Given records:
--- START ---
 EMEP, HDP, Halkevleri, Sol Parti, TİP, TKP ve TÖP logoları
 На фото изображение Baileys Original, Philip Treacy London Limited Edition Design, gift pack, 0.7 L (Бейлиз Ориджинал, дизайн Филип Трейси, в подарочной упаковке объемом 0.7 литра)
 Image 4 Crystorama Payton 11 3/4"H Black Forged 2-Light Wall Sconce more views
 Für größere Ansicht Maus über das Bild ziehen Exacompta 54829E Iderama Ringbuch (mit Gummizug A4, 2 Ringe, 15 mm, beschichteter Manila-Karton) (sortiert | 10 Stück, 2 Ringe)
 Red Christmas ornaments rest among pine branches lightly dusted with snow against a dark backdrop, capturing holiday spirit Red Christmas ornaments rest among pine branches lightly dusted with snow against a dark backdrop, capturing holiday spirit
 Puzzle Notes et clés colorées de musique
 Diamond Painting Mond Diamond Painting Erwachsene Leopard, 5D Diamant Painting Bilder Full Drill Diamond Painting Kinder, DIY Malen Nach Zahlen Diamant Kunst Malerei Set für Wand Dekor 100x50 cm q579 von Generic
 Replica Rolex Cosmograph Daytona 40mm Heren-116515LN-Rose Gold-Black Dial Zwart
--- END ---
--- START ---
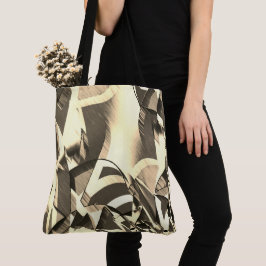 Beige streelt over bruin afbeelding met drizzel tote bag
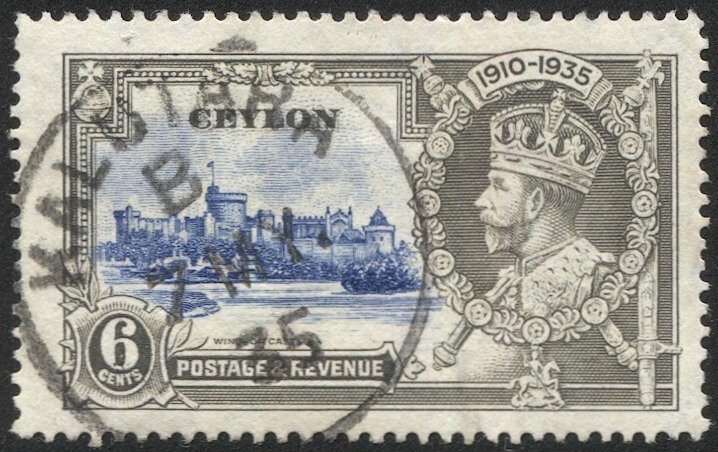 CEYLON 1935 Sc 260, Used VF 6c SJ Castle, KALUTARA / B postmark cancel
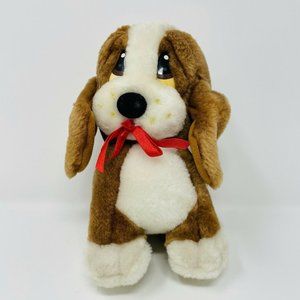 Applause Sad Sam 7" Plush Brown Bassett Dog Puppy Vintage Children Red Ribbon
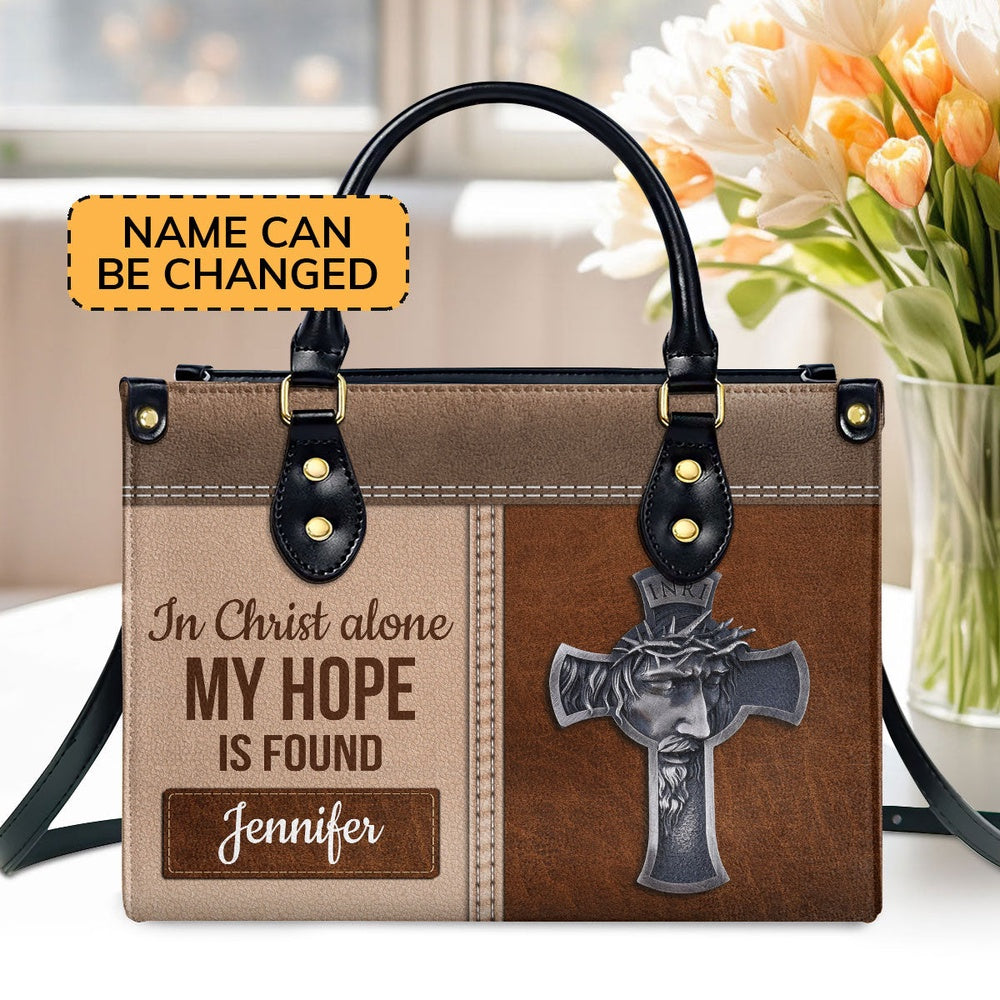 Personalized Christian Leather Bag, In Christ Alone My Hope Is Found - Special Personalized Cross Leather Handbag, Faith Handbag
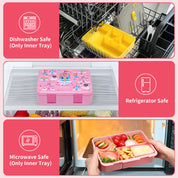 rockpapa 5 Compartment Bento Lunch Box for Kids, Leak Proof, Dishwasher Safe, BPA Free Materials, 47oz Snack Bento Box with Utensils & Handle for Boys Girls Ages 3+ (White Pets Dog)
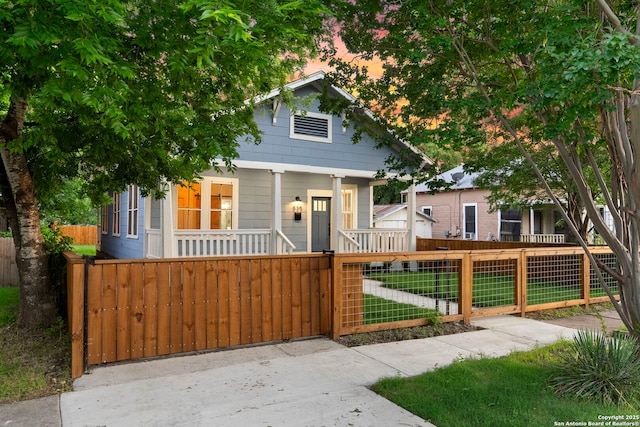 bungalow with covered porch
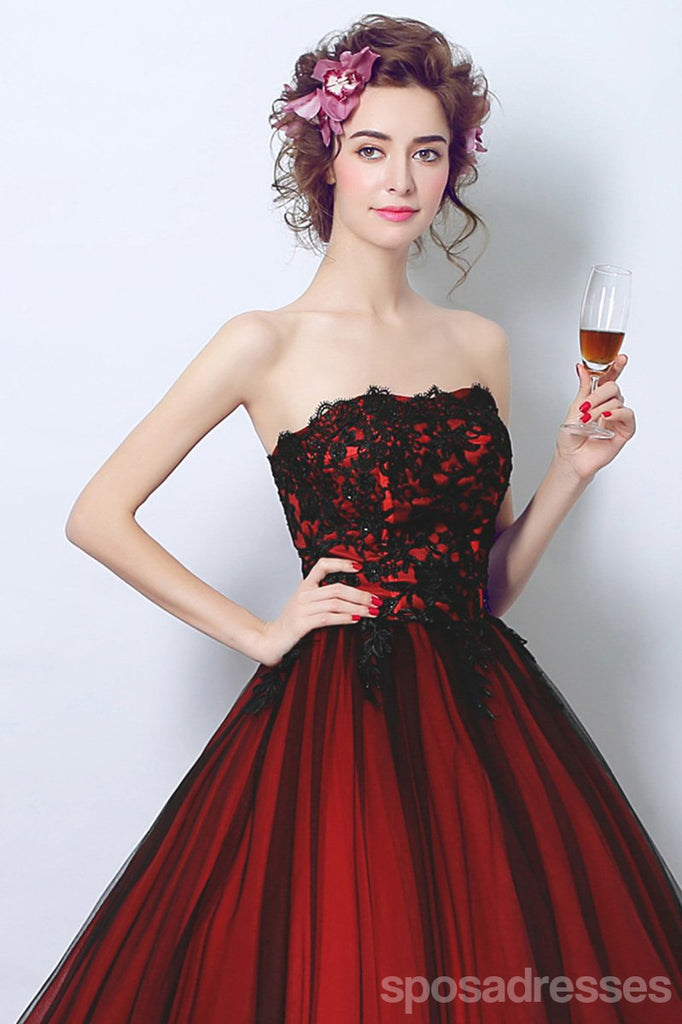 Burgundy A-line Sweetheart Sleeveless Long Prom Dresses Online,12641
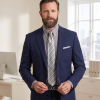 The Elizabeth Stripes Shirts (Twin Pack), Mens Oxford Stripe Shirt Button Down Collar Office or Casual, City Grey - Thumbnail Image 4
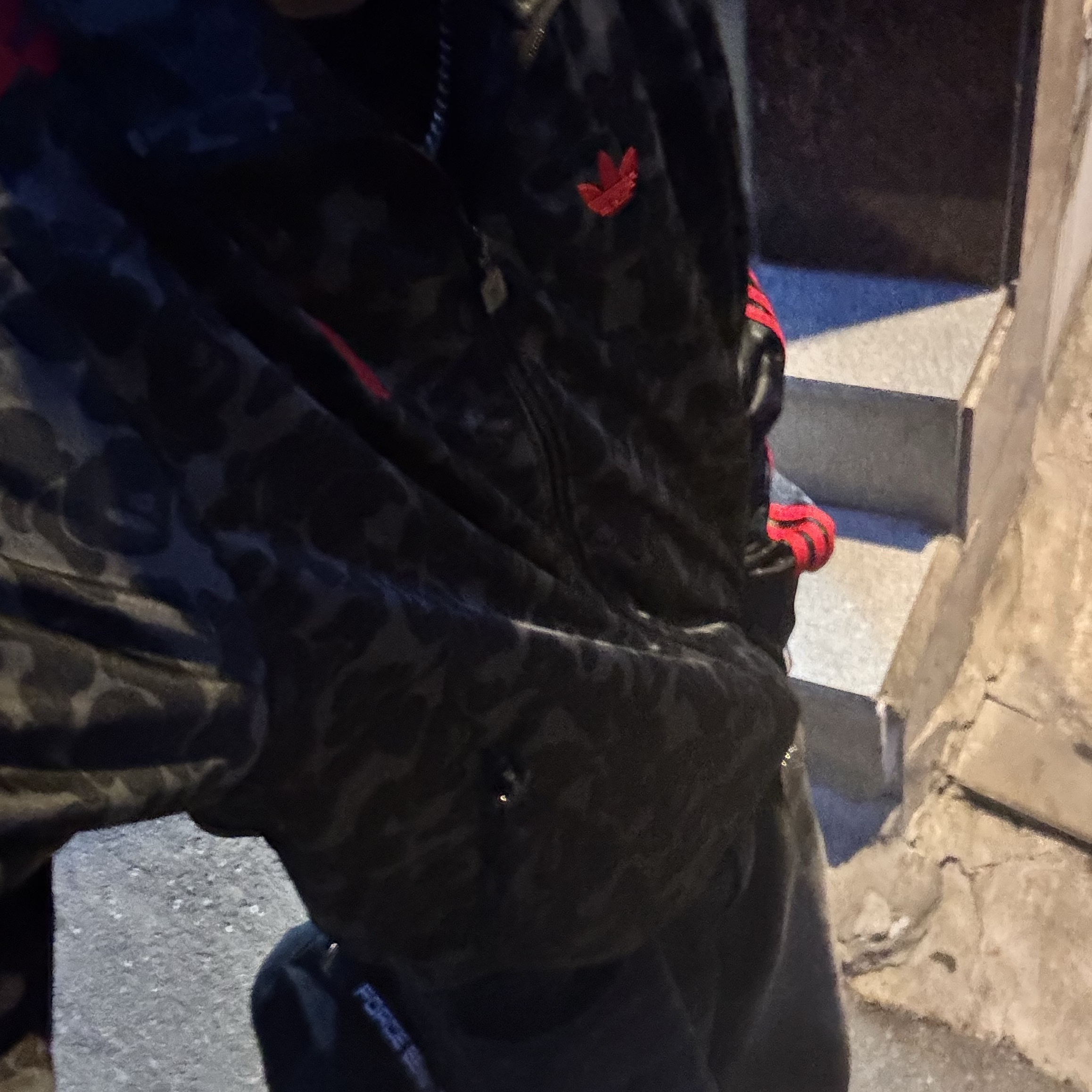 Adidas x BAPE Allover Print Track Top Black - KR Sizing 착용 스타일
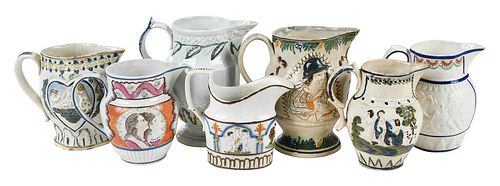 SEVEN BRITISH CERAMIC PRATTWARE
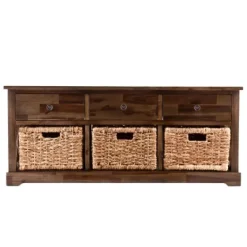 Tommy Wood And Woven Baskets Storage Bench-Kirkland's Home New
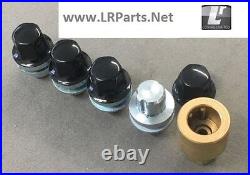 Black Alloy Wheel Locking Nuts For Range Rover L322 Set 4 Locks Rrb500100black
--- END ---
Task details: In the listing above, find the line containing "Adidas x BAPE". Output it and every line after it up to and including the line containing "Black Alloy Wheel", exactly, but skip the pictures.

Solution to this problem:
 Adidas x BAPE Allover Print Track Top Black - KR Sizing 착용 스타일
 SEVEN BRITISH CERAMIC PRATTWARE
 Tommy Wood And Woven Baskets Storage Bench-Kirkland's Home New
 Black Alloy Wheel Locking Nuts For Range Rover L322 Set 4 Locks Rrb500100black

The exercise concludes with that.